Like Mitchell, Carter seems intent on creating a new aesthetic for Black positivity, where familial love and tenderness are the dominant moods. The care and protectiveness of Black fathers is featured in several images, one with a father carrying two party-dress-wearing daughters in his overfilled arms, and another with a father carrying his son on his shoulders, armed with a bit more wariness in his eyes. These are fathers that are present, active, and involved in their children’s lives, and Carter’s pictures celebrate the subtleties of these connections. Carter’s own father recently passed away, and the show includes a selection of family photos and home movies as a tribute – they memorialize both the father’s military service and his full presence in the family, with plenty of pictures of father and son connected by broad smiles and loving, supportive touch.

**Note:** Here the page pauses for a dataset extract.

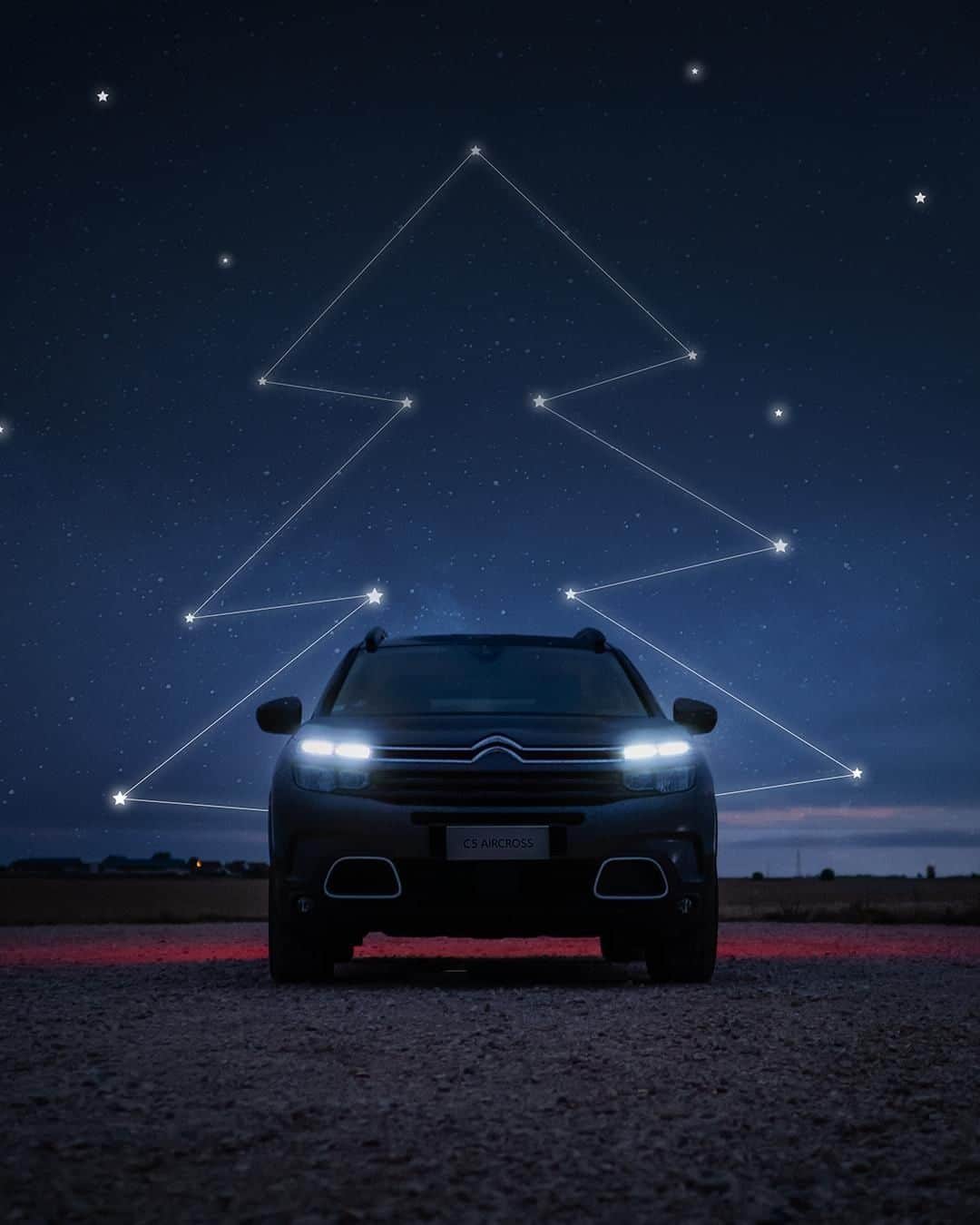 のインスタグラム：「クリスマスは、どこでお過ごしですか？ 📸 @justartinn - #Citroën #C5AircrossSUV #Holidays #HolidaySeason #MagicInTheAir #Stars #Constellation #CarsOfInsta #Adventure #ChristmasSpirit #Sky」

When Carter turns his camera toward the innocence of childhood, his approach is thoughtfully complex rather than cloying, and the theme of seeing runs through many of his pictures. A young girl has her portrait taken with her eyes closed, either in calm or quiet defiance. A boy covers his eyes with the back of his hand, less in aggrieved protection than in weariness. Another young girl sits on the sidewalk and examines the while tulle of her dress with intent wonder. And a somewhat older girl in a dance troupe looks over her winged shoulder with proud straight-backed confidence, as if to silence someone off camera. Even the young children in the storefront windows outside the show momentarily catch us with their intensity, a distracted face suddenly turning to face us with unnervingly precise attention. Seen together, Carter’s images treat his young subjects with full respect, and they respond with poise that feels beyond their years.

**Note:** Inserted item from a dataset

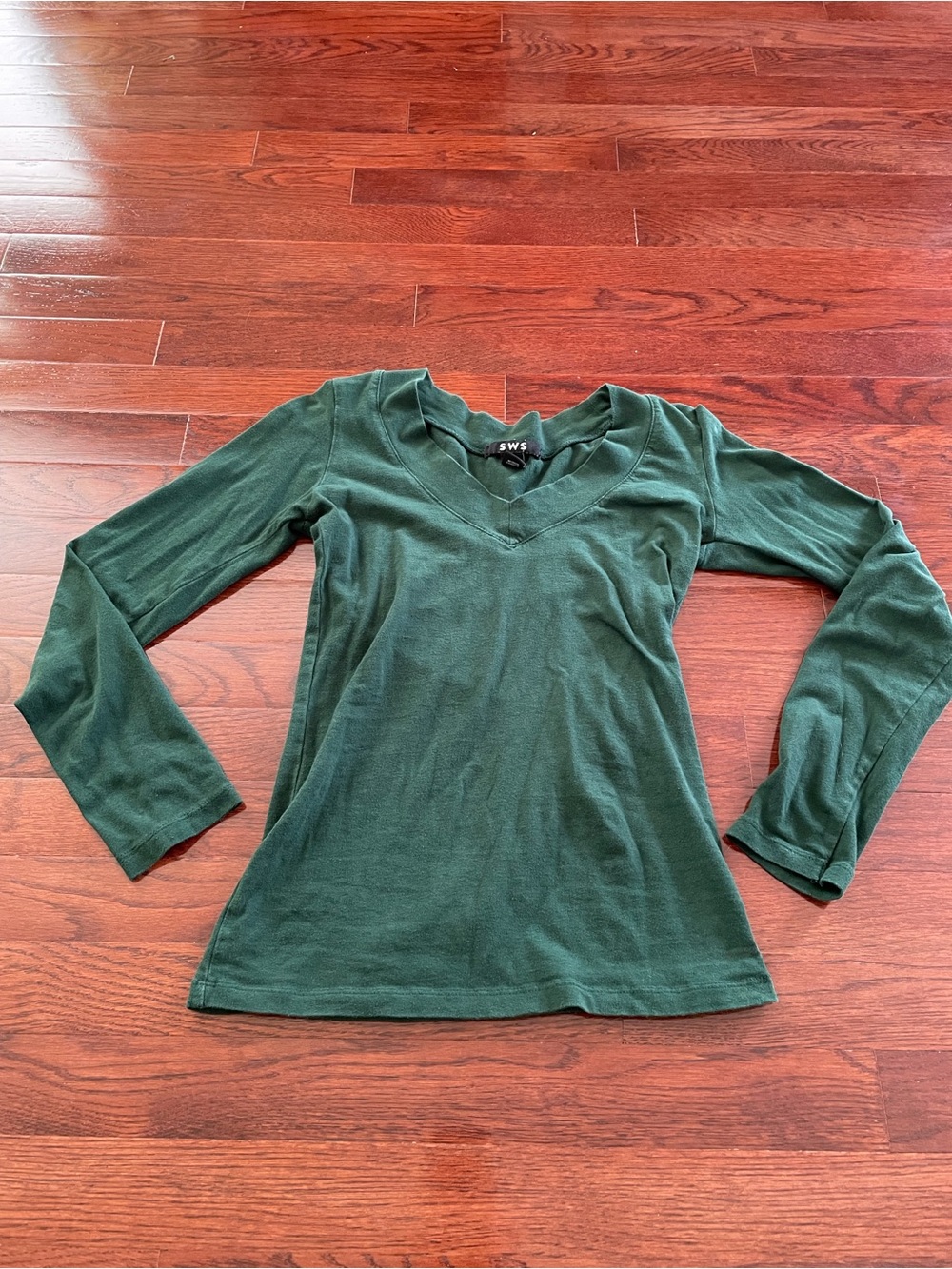 Women’s Forest Green V Neck Long Sleeve Top (size Small)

Upstairs, a small selection of Carter’s fashion images provides some wider context for his aesthetic decisions. The strongest of these is a snappy symphony in light brown, featuring a confident Black model in a puffy fur coat and leather pants seemingly lost in her thoughts – it’s a seductively gorgeous picture, brimming with enveloping warmth. Another work has a tender Black Zorro vibe, with a jaunty black hat, a half shirt, and a silver earring providing a fluid sense of masculinity. These kinds of photographs point to an evolving view of Black fashion imagery, that better allows for intimacy and vulnerability, as well as an overdue mastery of lighting Black skin.
By turning his first gallery show back toward the rhythms of family, Carter is sending us a message about his priorities. While his career in fashion photography will likely continue to accelerate (based on the promise and sophistication of the few fashion images on view here), his trajectory as an artist may ultimately hybridize his commercial learnings with a more potent dose of personal truth, softening the heady flash of fashion with a more unguarded look inward.
Collector’s POV: The prints available in this show are priced at $800 each. Carter’s work has little secondary market history at this point, so gallery retail likely remains the best option for those collectors interested in following up.